On Medium and Freaking Out
One of the historical peculiarities of digital self-publishing is the reduction of time between interior notion and broadcast belief. The majority of self-published content — be it on social media or on platforms like Medium — is stuff that would have stayed anonymous in letters and journals in days of printed matter, which required considerably more effort to distribute widely than clicking a button.
Amidst the din of online voices, there’s presumably a distinction between self-publishers churning out irrelevant ephemera to no one and those producing useful content for engaged readers. For most of my self-publishing journey, I attempted to land in the latter category, being thoughtful about what I published and generally limiting it to my field of expertise, i.e. the intersection of housing, economics, climate, innovation, technology, and policy. But last summer, I lost this erstwhile editorial prudence and demonstrated the potential downsides of self-publishing — downsides that compelled me to disable my Medium channel for much of the past year.
Birth of a Breakdown
For most of 2021, I was focused on developing my real estate startup, Change Order Group (COG), which, despite assembling some of the top names in applied real estate innovation and research, never got funding or jobs. I became quite convinced I was being blackballed in the real estate development and VC scenes owing to several (well-deserved) attacks I made against bad operators in my illustrious network.

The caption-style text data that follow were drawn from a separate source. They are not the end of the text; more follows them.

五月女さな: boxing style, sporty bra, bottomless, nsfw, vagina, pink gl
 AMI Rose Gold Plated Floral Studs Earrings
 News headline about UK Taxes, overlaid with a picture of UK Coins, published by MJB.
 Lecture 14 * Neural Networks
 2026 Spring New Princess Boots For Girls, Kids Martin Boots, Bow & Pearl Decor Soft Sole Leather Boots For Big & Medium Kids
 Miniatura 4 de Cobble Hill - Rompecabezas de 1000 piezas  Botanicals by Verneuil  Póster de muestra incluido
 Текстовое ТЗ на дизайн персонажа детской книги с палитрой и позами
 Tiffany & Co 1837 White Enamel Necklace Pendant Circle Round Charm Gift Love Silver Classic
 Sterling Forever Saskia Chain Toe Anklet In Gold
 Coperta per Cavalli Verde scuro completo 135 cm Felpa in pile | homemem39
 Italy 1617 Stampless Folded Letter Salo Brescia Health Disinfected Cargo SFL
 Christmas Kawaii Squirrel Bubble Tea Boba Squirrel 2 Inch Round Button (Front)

I put everything into COG: I spent my days and nights producing compelling decks and blog posts, I did interviews with major cities, I talked to scores of VCs and potential clients. None of it seemed to matter. People didn’t want to work with me. Everyone agreed I was a top notch trend-forecasting consultant, but no one could see me as a founder who could be counted on to pander to capital market concerns. Former Goldman and Blackstone finance functionaries got hundred million dollar-plus climate funds, while my group, the world’s most talented group of real estate startup, AEC (architecture, engineering, and construction), and research professionals idled or, in my case, starved. I was pissed, and the lack of industry recognition and investment gave me nothing to lose. I used my reputation and platforms, including Medium, to drag the bad guys down to the gutter with me.
Editorially, my previous terse, dry, data-backed prose was replaced long, aggressive screeds with complex plots involving people I once called friends, peers, and family members. In a world that uses “that’s not normal” as an invective, these screeds were easy to dismiss as the creations of someone who “needed help.”
While I was aware of how odd my stuff looked, I reasoned that I was too suggestive in the past. If readers knew the details like I did, they’d understand why freaking out and naming names was the only appropriate response to what’s happening. Billions, if not trillions, of dollars are being funneled into stillborn, unsustainable, and predatory real estate projects and startups, all in the service of enriching passive 1-percenter investors, all while the health and material security of the average global working citizen grows ever more precarious, all underwritten by the tax-backed Fed and other central banks, all being promoted as rational business and policy in the news. The logical conclusions of continuing these systems is a genocide of the have-nots. The malevolence of this system cannot be understated.
Reset to Medium
I reactivated my Medium page today, and decided to delete and delist some of my more bizarre, aggressive content, which had its time and place, but now seems a bit wackadoodle.
I brought the page back largely to make my older content available. You see, many of my intimations of market collapse have manifested. Housing affordability is worse than ever. The economy is more leveraged with real estate debt than ever (see MBS chart above), and because the stimulus was primarily generated by mortgage backed securities, a real estate debt crisis could likely trigger a global economic crisis. Many of the initial venture and incubator real estate startups I wrote about folded or proved hopelessly inept and/or corrupt, doing so despite receiving gobs of venture funding and media hype. It’s all still happening and no one is reporting about it truthfully. I want to change that.
I’ve kept busy whilst off Medium. I redirected my startup efforts from COG to my running-focused startup, Run Haus. I started a Substack newsletter with pithier, more personal content, though it is liberally doused with housing, climate, and demographic data. I’ve interviewed and published several pieces in external media. And I’ve started consulting again in the housing and AEC worlds. Take a look at a mostly up-to-date collection of links here.
I’m not sure how I’l use Medium going forward, but I want my older content to be visible. I want there to be far less mystery about why housing is so unaffordable and inefficient (it’s designed that way), and why it’ll get worse surprises under status quo leadership. The good news is that housing, health, economics, and everyday life doesn’t need to be so awful for so many. It’s time to stop believing that’s the case and start promoting conversations that say why.